Captioned web image data -
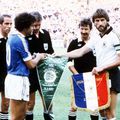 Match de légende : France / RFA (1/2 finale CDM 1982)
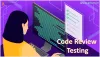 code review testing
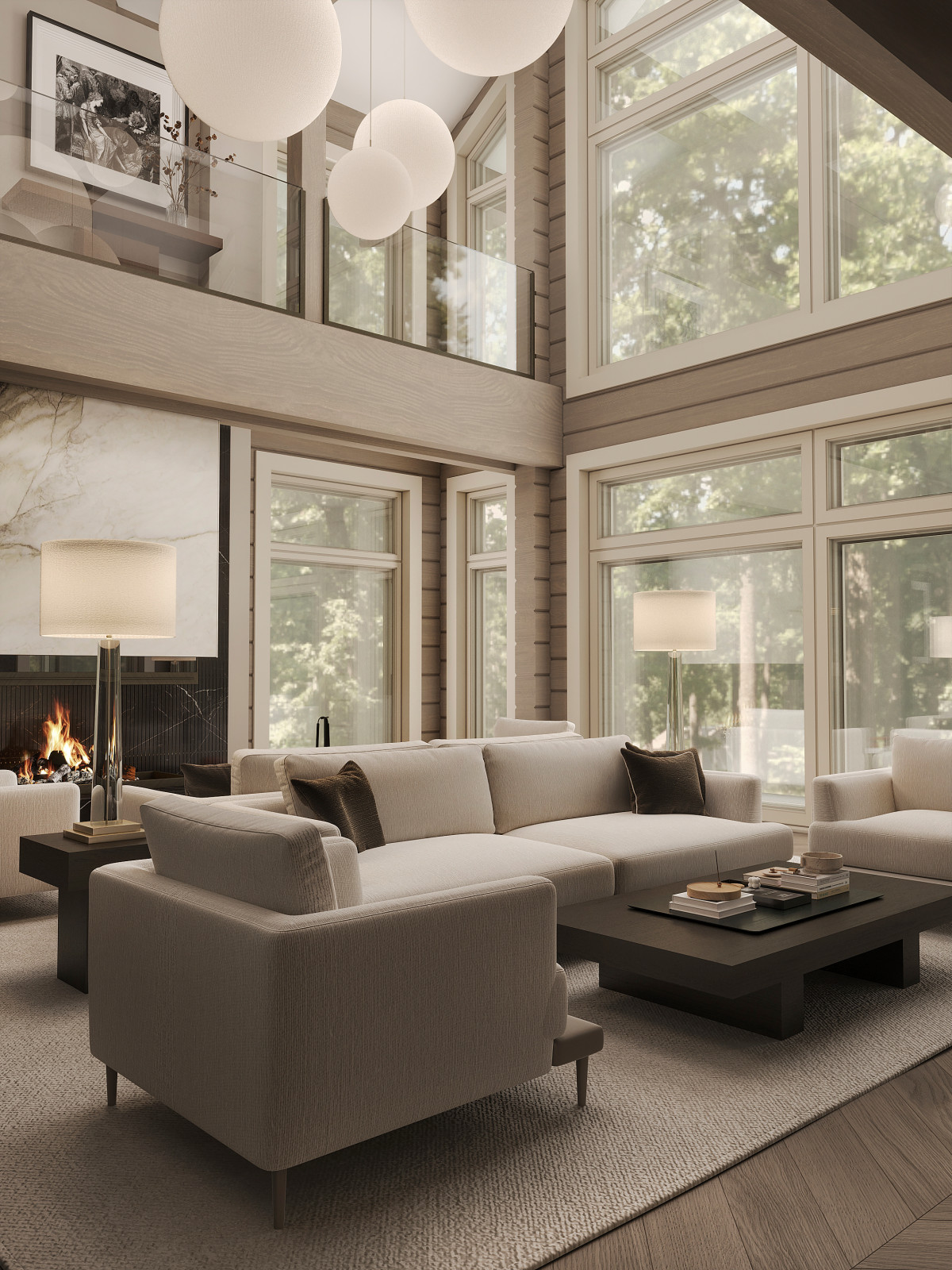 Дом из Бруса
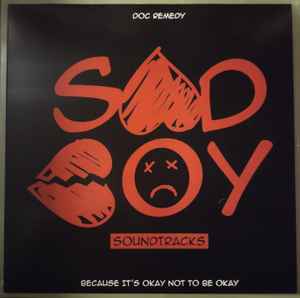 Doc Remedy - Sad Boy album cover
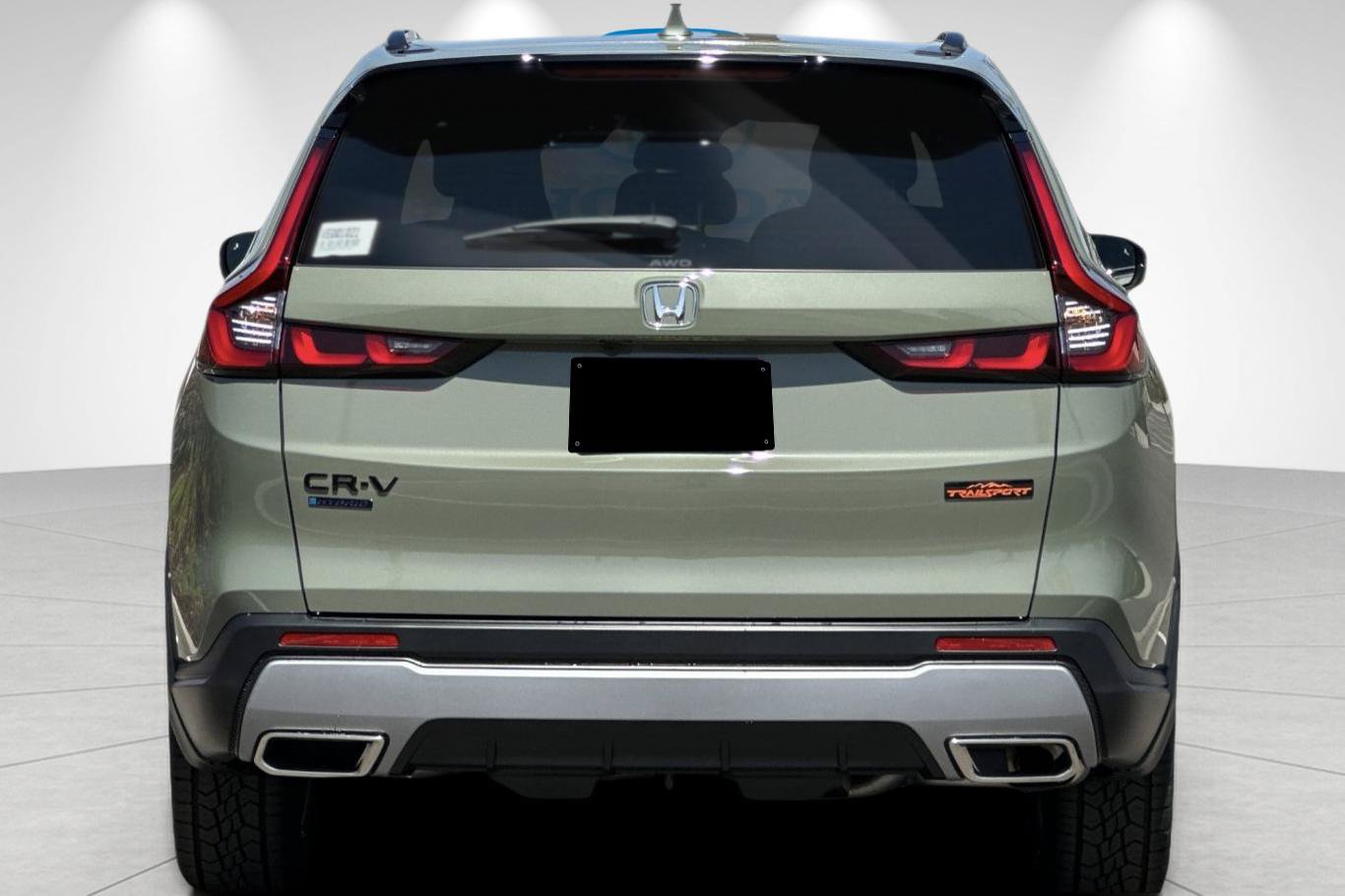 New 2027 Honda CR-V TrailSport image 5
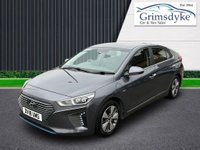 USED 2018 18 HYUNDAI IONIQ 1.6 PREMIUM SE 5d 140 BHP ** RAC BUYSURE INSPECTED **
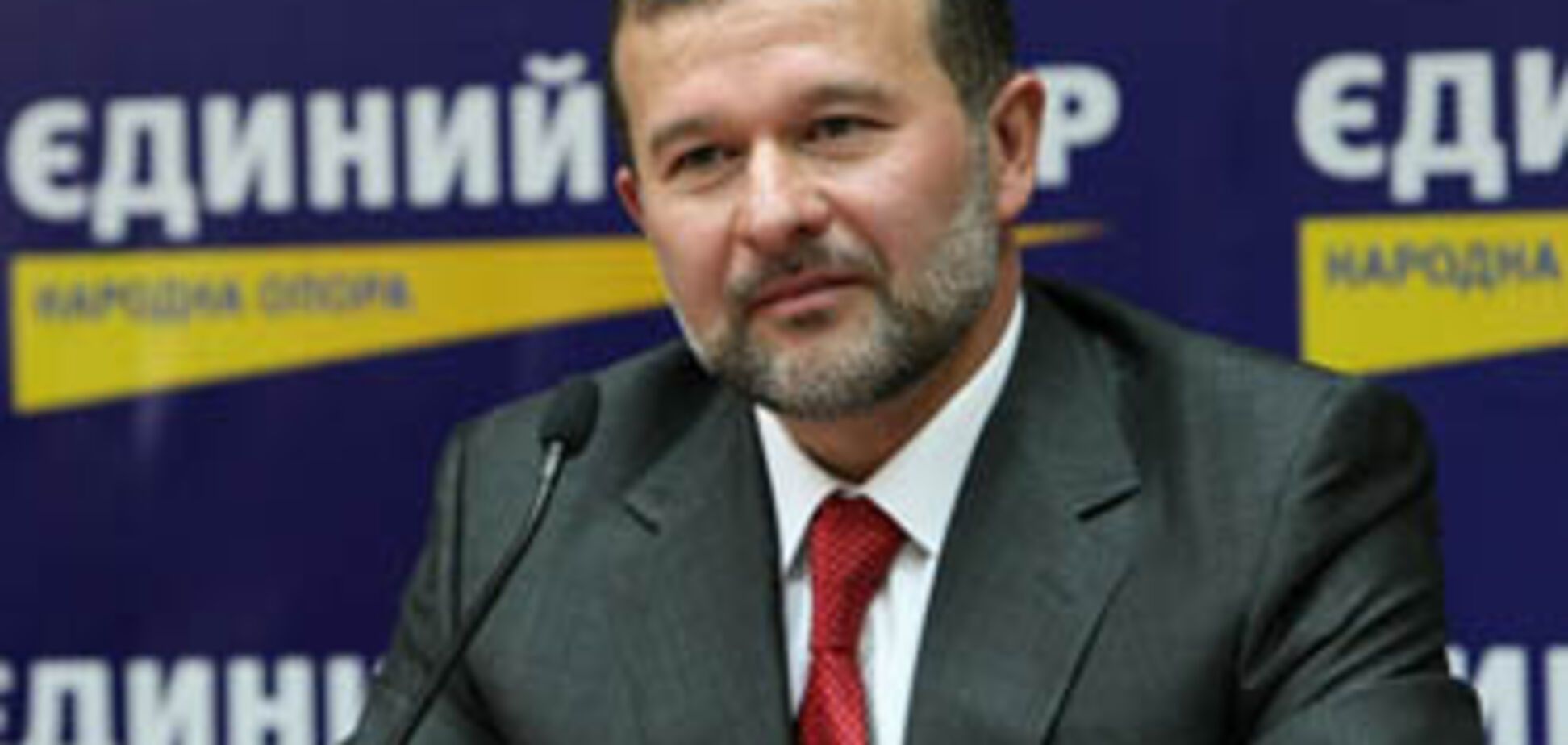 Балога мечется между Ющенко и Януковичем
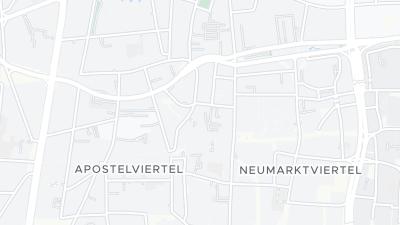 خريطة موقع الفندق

Exercise objective -
Return all of the records above exactly as written. Omit each picture.

Expected answer -
 Match de légende : France / RFA (1/2 finale CDM 1982)
 code review testing
 Дом из Бруса
 Doc Remedy - Sad Boy album cover
 New 2027 Honda CR-V TrailSport image 5
 USED 2018 18 HYUNDAI IONIQ 1.6 PREMIUM SE 5d 140 BHP ** RAC BUYSURE INSPECTED **
 Балога мечется между Ющенко и Януковичем
 خريطة موقع الفندق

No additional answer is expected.